Wybiegłszy ze zboru sprowadził z ulicy "niemało chłopiąt ultajów, mendlików, gnojników i innego motłochu", którzy koło drzwi zrobili zgiełk, wybili okna. Zgiełk jeszcze się zwiększył, gdy z różnych burs zbiegły się "żaki", czyli uczniowie. Przez trzy dni atakowano zbór. Wyłamano drzwi, podziurawiono ściany, zniszczono ruchomości, powyrzucano na ulicę książki, następnie zaniesiono je na rynek i spalono, śpiewając hymn "Te Deum laudamus". W czasie napadu tłum zrabował 50 tysięcy dukatów, które złożyli tam na przechowanie ewangeliccy ziemianie. Tłum zakosztowawszy zakazanego owocu nie zważał na władzę. Podstarościego wraz ze służbą bezpieczeństwa pobito kamieniami tak, że uciekł do ratusza. Załoga zamku wawelskiego nie mogła zejśc do miasta z obawy, aby tłum tymczasem nie napadł na zamek. Były to czasy bezkrólewia.

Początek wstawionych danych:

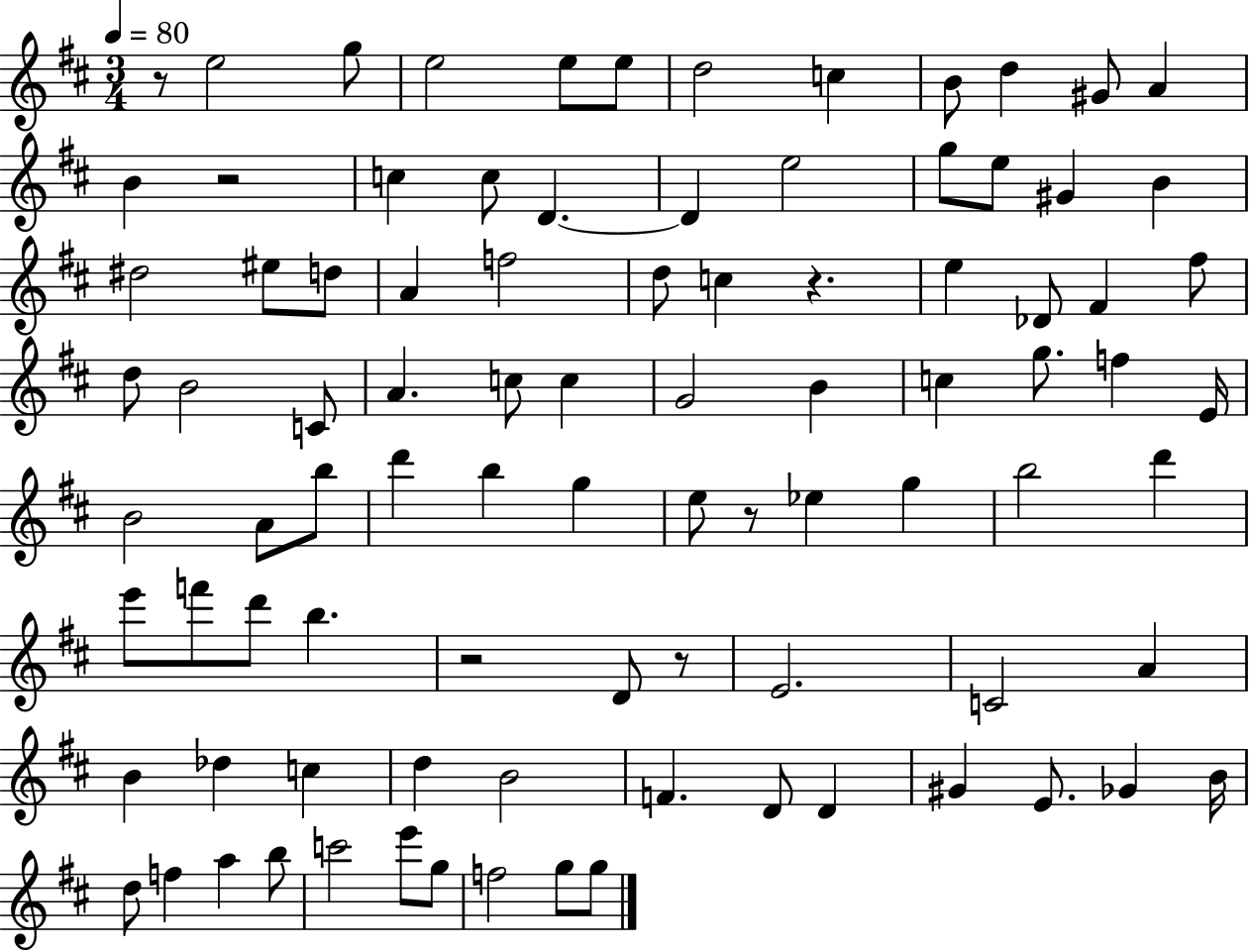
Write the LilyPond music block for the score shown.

{
  \clef treble
  \numericTimeSignature
  \time 3/4
  \key d \major
  \tempo 4 = 80
  r8 e''2 g''8 | e''2 e''8 e''8 | d''2 c''4 | b'8 d''4 gis'8 a'4 | \break b'4 r2 | c''4 c''8 d'4.~~ | d'4 e''2 | g''8 e''8 gis'4 b'4 | \break dis''2 eis''8 d''8 | a'4 f''2 | d''8 c''4 r4. | e''4 des'8 fis'4 fis''8 | \break d''8 b'2 c'8 | a'4. c''8 c''4 | g'2 b'4 | c''4 g''8. f''4 e'16 | \break b'2 a'8 b''8 | d'''4 b''4 g''4 | e''8 r8 ees''4 g''4 | b''2 d'''4 | \break e'''8 f'''8 d'''8 b''4. | r2 d'8 r8 | e'2. | c'2 a'4 | \break b'4 des''4 c''4 | d''4 b'2 | f'4. d'8 d'4 | gis'4 e'8. ges'4 b'16 | \break d''8 f''4 a''4 b''8 | c'''2 e'''8 g''8 | f''2 g''8 g''8 | \bar "|."
}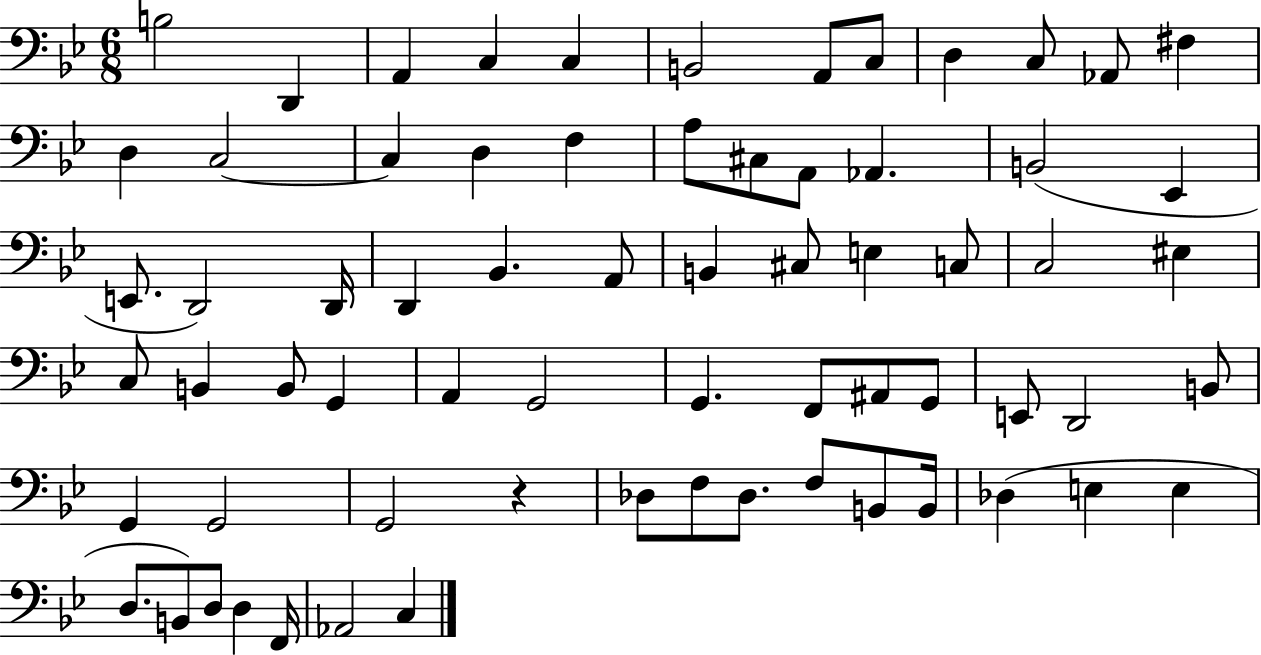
{
  \clef bass
  \numericTimeSignature
  \time 6/8
  \key bes \major
  b2 d,4 | a,4 c4 c4 | b,2 a,8 c8 | d4 c8 aes,8 fis4 | \break d4 c2~~ | c4 d4 f4 | a8 cis8 a,8 aes,4. | b,2( ees,4 | \break e,8. d,2) d,16 | d,4 bes,4. a,8 | b,4 cis8 e4 c8 | c2 eis4 | \break c8 b,4 b,8 g,4 | a,4 g,2 | g,4. f,8 ais,8 g,8 | e,8 d,2 b,8 | \break g,4 g,2 | g,2 r4 | des8 f8 des8. f8 b,8 b,16 | des4( e4 e4 | \break d8. b,8) d8 d4 f,16 | aes,2 c4 | \bar "|."
}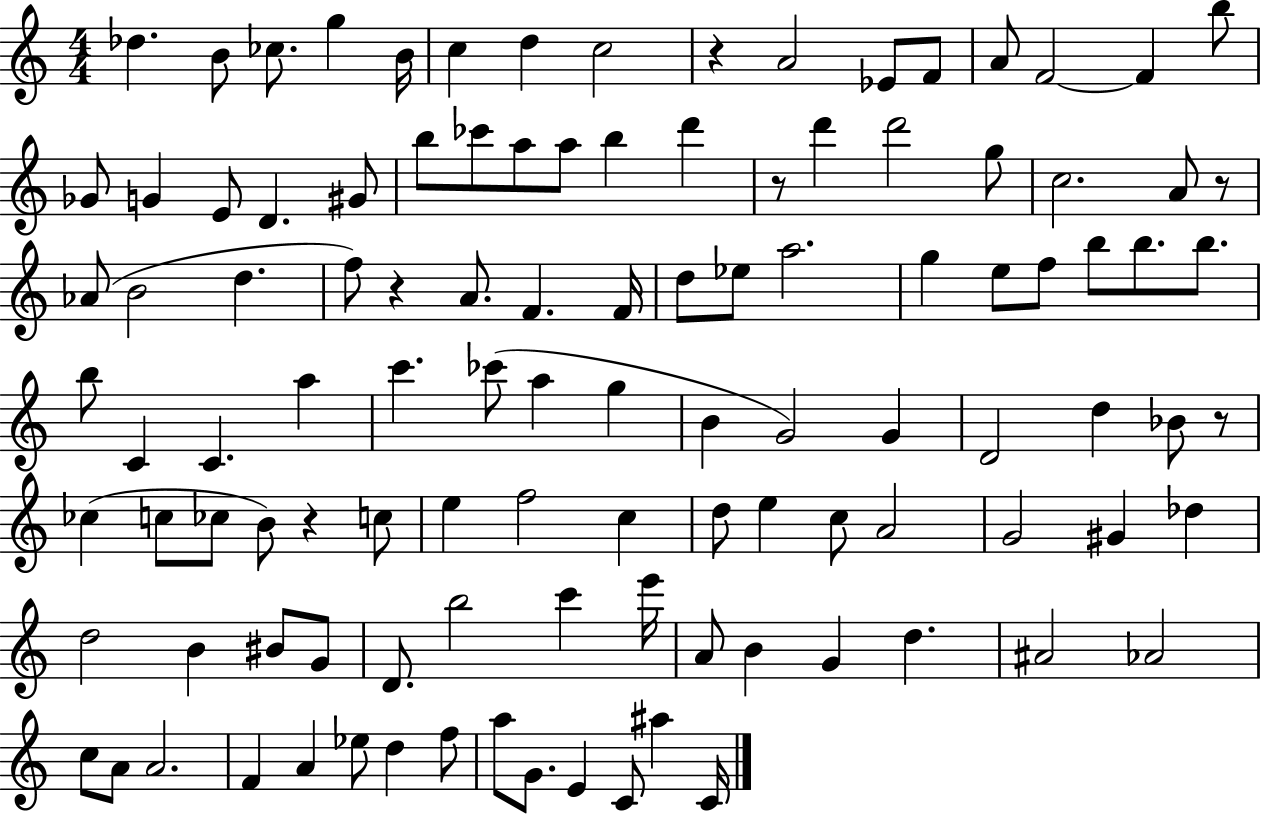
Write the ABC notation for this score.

X:1
T:Untitled
M:4/4
L:1/4
K:C
_d B/2 _c/2 g B/4 c d c2 z A2 _E/2 F/2 A/2 F2 F b/2 _G/2 G E/2 D ^G/2 b/2 _c'/2 a/2 a/2 b d' z/2 d' d'2 g/2 c2 A/2 z/2 _A/2 B2 d f/2 z A/2 F F/4 d/2 _e/2 a2 g e/2 f/2 b/2 b/2 b/2 b/2 C C a c' _c'/2 a g B G2 G D2 d _B/2 z/2 _c c/2 _c/2 B/2 z c/2 e f2 c d/2 e c/2 A2 G2 ^G _d d2 B ^B/2 G/2 D/2 b2 c' e'/4 A/2 B G d ^A2 _A2 c/2 A/2 A2 F A _e/2 d f/2 a/2 G/2 E C/2 ^a C/4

Napad ten przeszedł oczekiwanie mistrzów w podburzaniu i nastawianiu tłumów. Kardynał Hozjusz ostentacyjnie pochwalał "tumultantów", jako godnych pamięci wiekuistej, których sławę z powodu zniszczenia szatańskiej synagogi cały Kościół sławić będzie. Mniej zaciekły biskup krakowski i nuncjusz Laureo byli jednak zakłopotani tym dziełem straszliwego zniszczenia. Wojewoda krakowski Piotr Zborowski przywrócił w Krakowie porządek. Po urządzeniu obławy na tumultantów, pięciu uczniów rzemiosła murarskiego i ciesielskiego z wyroku sądowego pod ratuszem ścięto. Że ten napad był na rękę hierarchii kościelnej był na rękę świadczy najlepiej ta okoliczność, iż powtarzał on się aż przez trzy dni, a mimo to przy tumultantach nie pojawił się żaden ksiądz katolicki, aby wyperswadować im niestosowność takiego postępowania i wzburzone namiętności uspokoić.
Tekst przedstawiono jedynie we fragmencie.